*GOAL OF THE EXERCISE:*
The answer must consist only of the lines in the records below from the line with "SKANDY Розетка с" to the line with "Chemin de table", both included, copied word for word with every picture left out.

*GIVEN ENTRIES:*
=-=-=
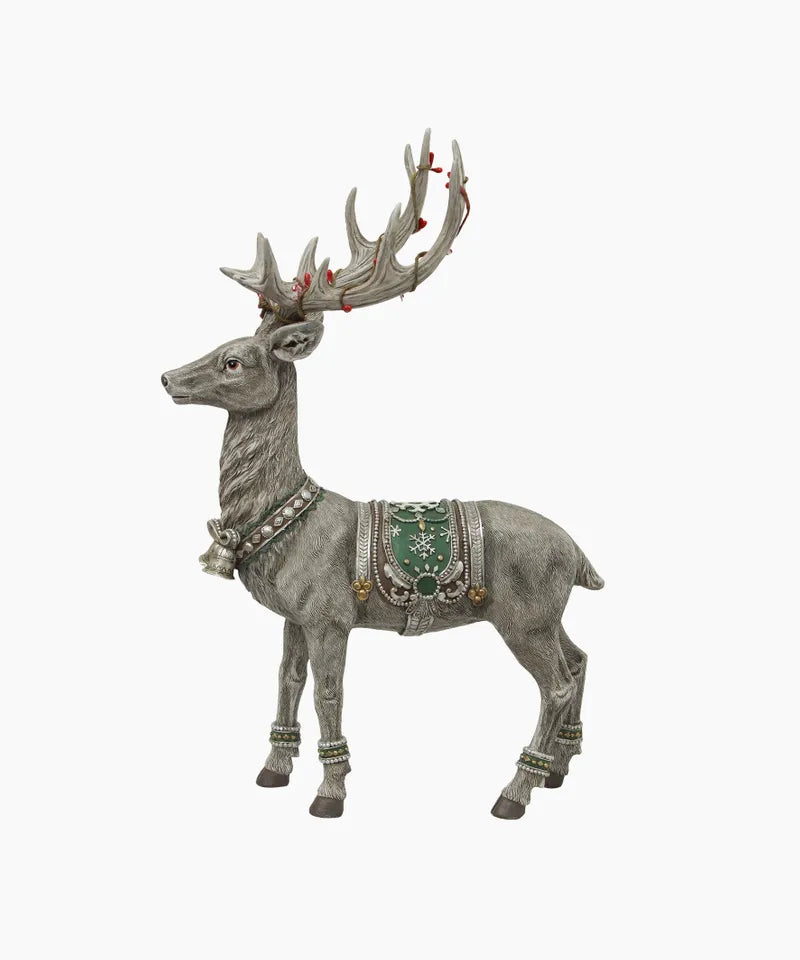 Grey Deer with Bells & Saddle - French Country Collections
=-=-=
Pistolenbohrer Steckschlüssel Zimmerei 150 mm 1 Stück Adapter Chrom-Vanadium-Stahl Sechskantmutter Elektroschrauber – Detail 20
=-=-=
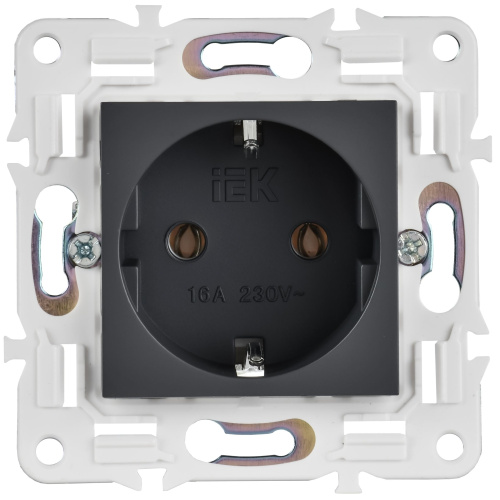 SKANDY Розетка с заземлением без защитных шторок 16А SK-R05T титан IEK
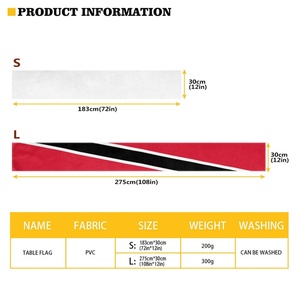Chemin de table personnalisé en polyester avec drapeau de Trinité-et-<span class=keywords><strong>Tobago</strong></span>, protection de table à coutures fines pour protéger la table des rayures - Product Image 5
=-=-=
*EXERCISE SOLUTION:*
 SKANDY Розетка с заземлением без защитных шторок 16А SK-R05T титан IEK
Chemin de table personnalisé en polyester avec drapeau de Trinité-et-<span class=keywords><strong>Tobago</strong></span>, protection de table à coutures fines pour protéger la table des rayures - Product Image 5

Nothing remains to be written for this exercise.